A friend of mine built an electronic dashboard compass for his jeep. He wrote something into the code to let him calibrate it, but he had to drive in circles something like 20 times in an empty parking lot to do it
That sounds very familiar….
You definitely don’t want to flip and roll a semi tractor around all 3 axes to calibrate that compass. Assuming you walk away from the wreck, the compass ought to read very true then!
That’s been the instructions for every car I have owned with a compass built into the mirror. Though not necessarily 20, more like 5-6. And you are supposed to do it if you drive more than X miles from where you last did it – 500? 1000? Can’t remember.

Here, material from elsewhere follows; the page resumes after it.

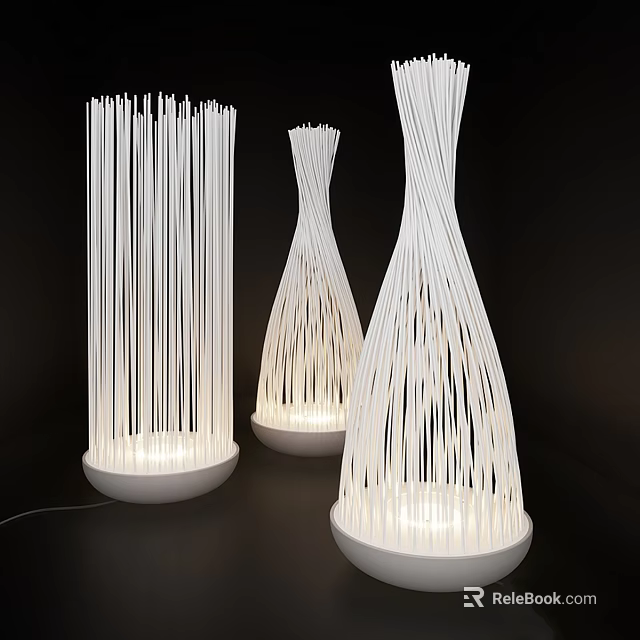 Modern White Floor Lamps With Slim Linear Design And Illuminated Base 3d model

I have never bothered.
I don’t think there are any instructions for calibrating the compass in my Mercedes. Probably driven by the GPS rather than an actual compass.
Or it calibrates itself based on the GPS when you are moving.
Either way. But simpler to not have it be an actual magnetic compass in the first place. Not much point when you have GPS baked in.
If you’ve been surrounded by thousands of pounds of ferrous metals, you may be entitled to compensation. Call 1-888-COM-PASS. Operators are standing by.
Given that it’s Masto, we at least know they’re not joking.
Can you explain? I don’t get the reference.
4 glow plugs or 8? The equation picture in the article calculates for 8 glow plugs and 96A, but the article text uses 4 glow plugs and 48A.
We’ve fixed it!
It hasn’t hit the CMS update yet, I don’t think, but yay!
Dammit I got suckered into doing math on this site again?? For a site that celebrates its birthday on March 32nd there sure is an awful lot of math and learning going on around here.
Math yes learing probably not
Missing spaces hit me hard. Everything else ist fine
It’s the glow plugs interacting with the fried chicken. Easyphenomenontoreplicate.